Recently I started investing in bitcoins and I’ve heard a great deal of talks about inflation and deflation however, not many people actually know and consider what inflation and deflation are. But let’s focus on inflation.
We always needed a method to trade value and the most practical way to do it would be to link it with money. In past times it worked quite well because the money that was issued was linked to gold. So every central bank needed enough gold to cover back all the money it issued. However, in the past century this changed and gold is not what is giving value to money but promises. As you can guess it’s very easy to abuse to such power and certainly the major central banks are not renouncing to do so. That is why they are printing money, so basically they’re “creating wealth” out of nothing without really having it. This process not merely exposes us to risks of economic collapse nonetheless it results also with the de-valuation of money. Therefore, because money will probably be worth less, whoever is selling something must increase the price of goods to reflect their real value, this is called inflation. But what’s behind the amount of money printing? Why are central banks doing this? Well coincapcentral might give you is that by de-valuing their currency they are helping the exports.
In fairness, in our global economy this is true. However, that’s not the only reason. By issuing fresh money we can afford to pay back the debts we’d, put simply we make new debts to pay the old ones. But that’s not only it, by de-valuing our currencies we have been de-facto de-valuing our debts. That is why our countries love inflation. In inflationary environments it’s easier to grow because debts are cheap. But which are the consequences of all this? It’s hard to store wealth.
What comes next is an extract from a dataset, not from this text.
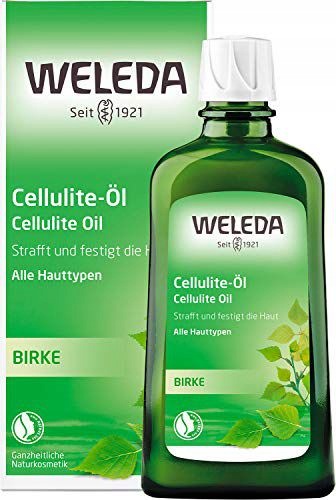Weleda Birch Oil Pro Celulitidu – Shade: 200 ML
If you keep the money (you worked hard to get) in your bank account you are actually losing wealth because your cash is de-valuing pretty quickly.
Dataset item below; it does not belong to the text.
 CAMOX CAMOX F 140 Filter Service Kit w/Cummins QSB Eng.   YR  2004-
Because each central bank comes with an inflation target at around 2% we can well say that keeping money costs all of us at least 2% per year. This discourages savers and spur consumes. This is one way our economies are working, based on inflation and debts.
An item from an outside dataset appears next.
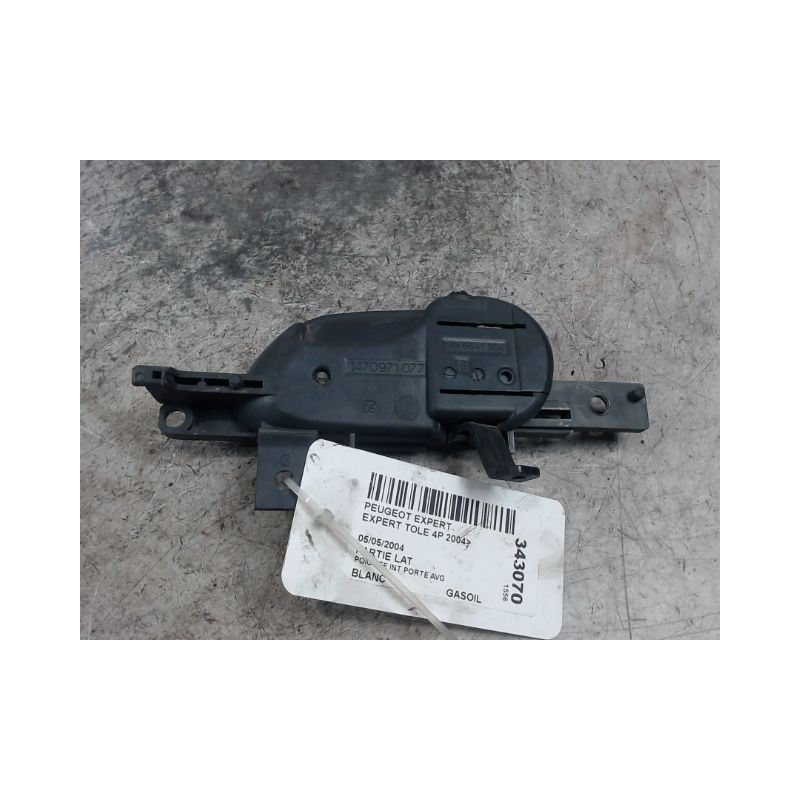 POIGNEE INTERIEURE PORTE AVANT GAUCHE PEUGEOT EXPERT TOLE 2004-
What about deflation? Well this is exactly the opposite of inflation and it is the biggest nightmare for our central banks, let’s see why. Basically, we’ve deflation when overall the costs of goods fall. This might be caused by a rise of value of money. For starters, it could hurt spending as consumers will be incentivised to save money because their value increase overtime. Alternatively merchants will undoubtedly be under constant pressure. They’ll have to sell their goods quick otherwise they will lose money because the price they will charge for their services will drop as time passes. But if there is something we learned in these years is that central banks and governments do not care much about consumers or merchants, what they care the most is DEBT!!. In a deflationary environment debt can be a real burden as it will only get bigger over time. Because our economies derive from debt you can imagine what will be the consequences of deflation.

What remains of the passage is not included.